Int J Curr Pharm Res, Vol 9, Issue 1, 126-131Original Article


SYNTHESIS, IN VITRO ANTIMICROBIAL ACTIVITY OF SCHIFF’S BASE, AZETIDINONES AND THIAZOLIDINONES

BHAVNABEN D. MISTRY*, KISHOR R. DESAI**, NIGAM J. DESAI**

*Department of Chemistry, B. K. M. Science College, Valsad, **Department of Chemistry, Uka Tarsadia University, Bardoli-Surat
Email: bhavana_mistry11@yahoo.co.in

Received: 01 Oct 2016, Revised and Accepted: 05 Dec 2016


ABSTRACT

Objective: The objective of the present study is to synthesize 3-Chloro-4-[3-(2,4-dichloro-5-fluoro phenyl)-1H-pyrazol-4-yl]-1-(substituted) azetidin-2-one [4a-n] and 2-[3-(2,4-Dichloro-5-fluoro phenyl)-1H-pyraol-4-yl]-3-(substituted phenyl)-1,3-thiazolidin-4-one [5a-n]. The structure of all synthesized compounds were characterized by IR, 1H NMR, 13C NMR and mass spectral studies.

Methods: The titled compounds 3-Chloro-4-[3-(2,4-dichloro-5-fluoro phenyl)-1H-pyrazol-4-yl]-1-(substituted) azetidin-2-one [4a-n] and 2-[3-(2,4-Dichloro-5-fluoro phenyl)-1H-pyraol-4-yl]-3-(substituted phenyl)-1,3-thiazolidin-4-one [5a-n] were synthesized by the reaction of N-{[3-(2,4-dichloro-5-fluoro phenyl)-1H-pyraol-4-yl] methylene } substituted anilin [3a-n] with chloro acetyl chloride and thioglycolic acid respectively.
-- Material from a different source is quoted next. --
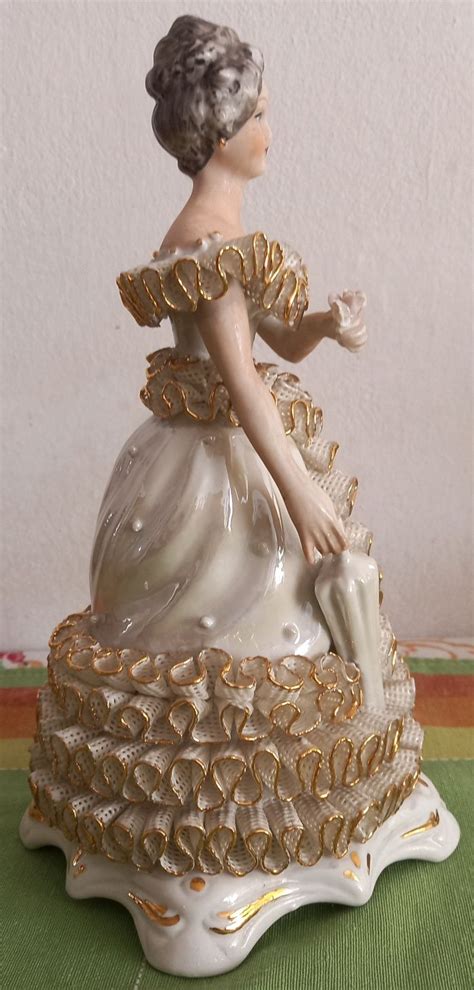 Porcelanowa Figurka Roceram Panna Z Parasolk Warszawa Mokot W Olx Pl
Compounds N-{[3-(2,4-dichloro-5-fluoro phenyl)-1H-pyraol-4-yl] methylene} substituted aniline [3a-n] were synthesized by the reaction of 3-(2,4-dichloro-5-fluoro phenyl)-1H-pyrazol-4-carbaldehyde [2] with primary aromatic amine in alcohol. All compounds were evaluated for their antimicrobial activity.

Results: Compounds 3a,3b,3d,3j,3l,4d,4e,4j,4l,4m,5e,5g,5h,5n exhibited excellent to good antibacterial activity as compared to reference drugs.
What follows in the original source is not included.